* _Exercise aim_
Images aside, return all the entries exactly.
### Supplied data ###
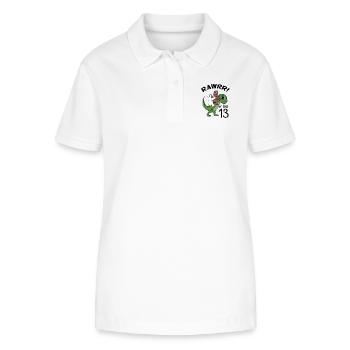 13.Geburtstag 13 Jahre Geschenk - Stanley/Stella Frauen Bio-Poloshirt ELLISER - Weiß - Vorne - Anna (173cm)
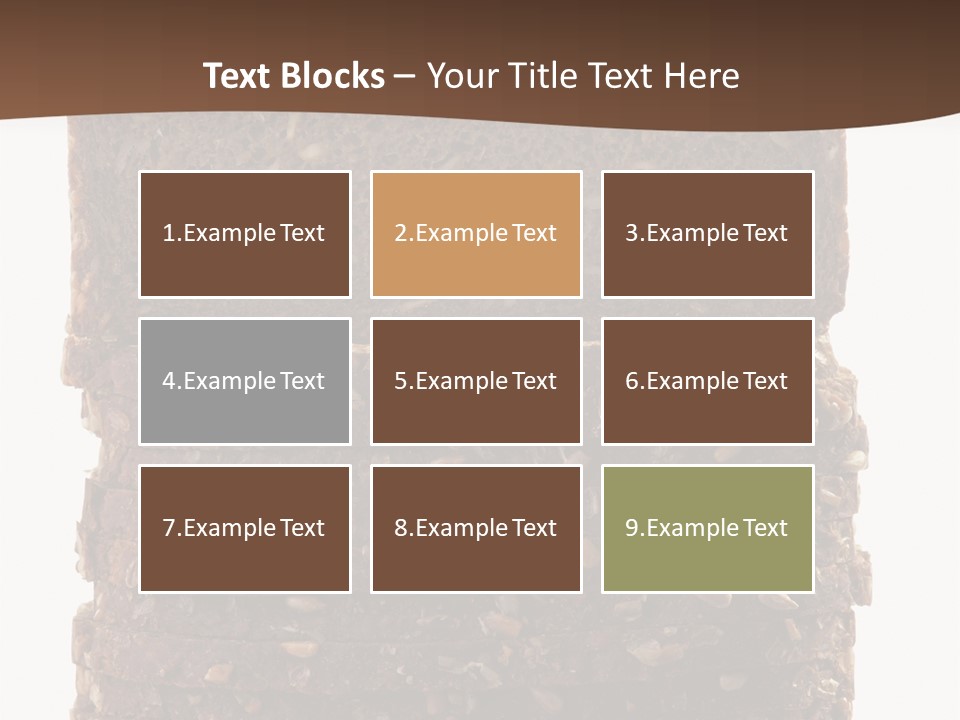 Brown Bread Background PowerPoint Template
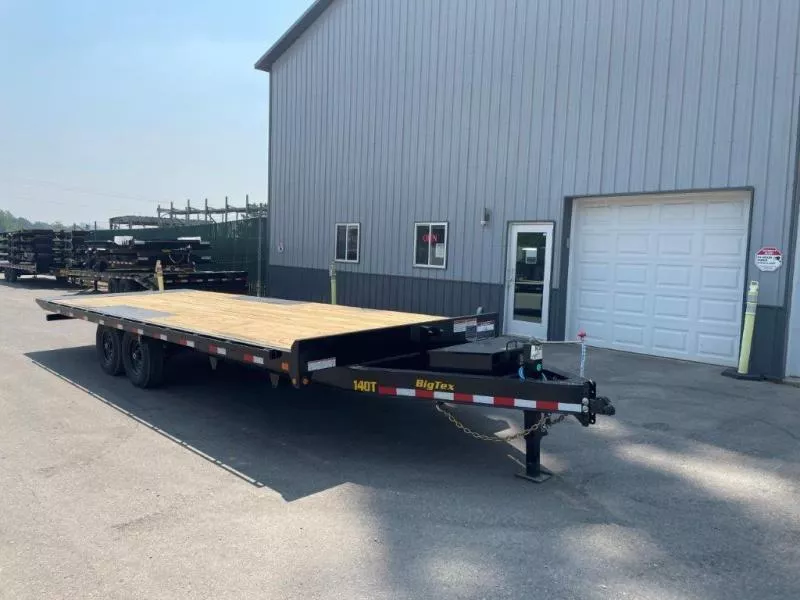 2026 Big Tex 14OT 102" x 24' Deckover Bumperpull Full Tilt Equipment Trailer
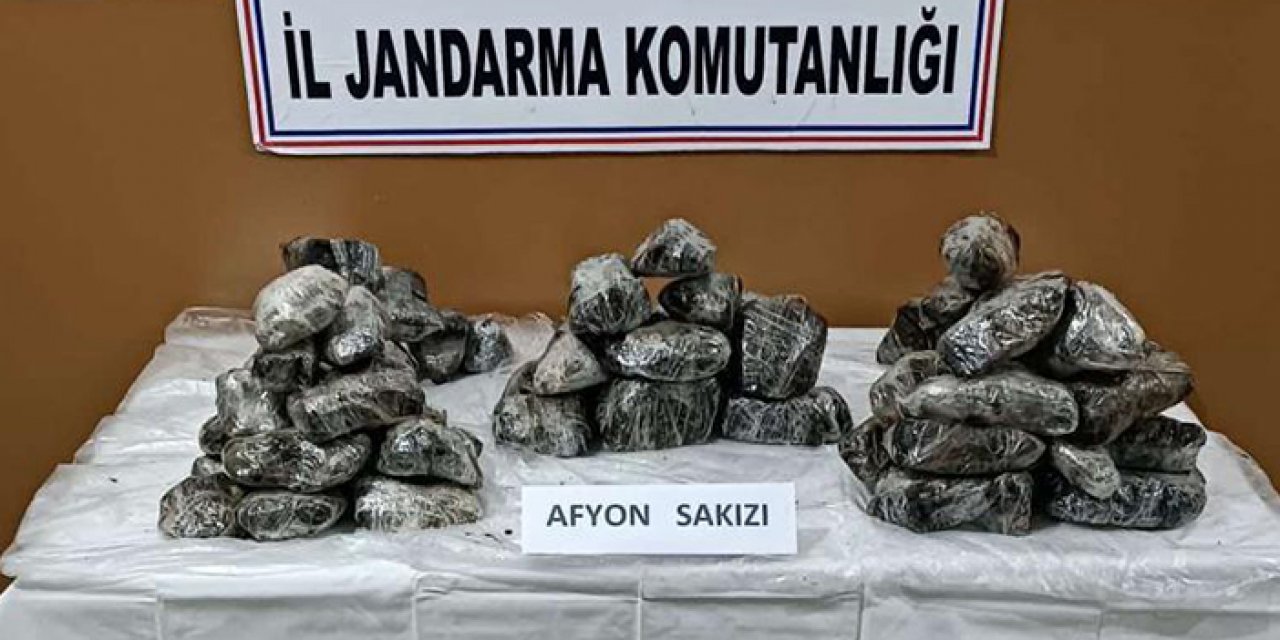 Van’da 33 kilogram afyon sakızı bulundu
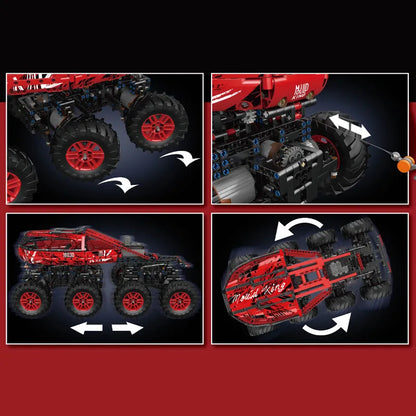 Mould King MOC Motorized Building Block Set: 18030 RC Heavy Firefox Climbing Truck, Model K18030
###
* _Output of the task_
 13.Geburtstag 13 Jahre Geschenk - Stanley/Stella Frauen Bio-Poloshirt ELLISER - Weiß - Vorne - Anna (173cm)
 Brown Bread Background PowerPoint Template
 2026 Big Tex 14OT 102" x 24' Deckover Bumperpull Full Tilt Equipment Trailer
 Van’da 33 kilogram afyon sakızı bulundu
 Mould King MOC Motorized Building Block Set: 18030 RC Heavy Firefox Climbing Truck, Model K18030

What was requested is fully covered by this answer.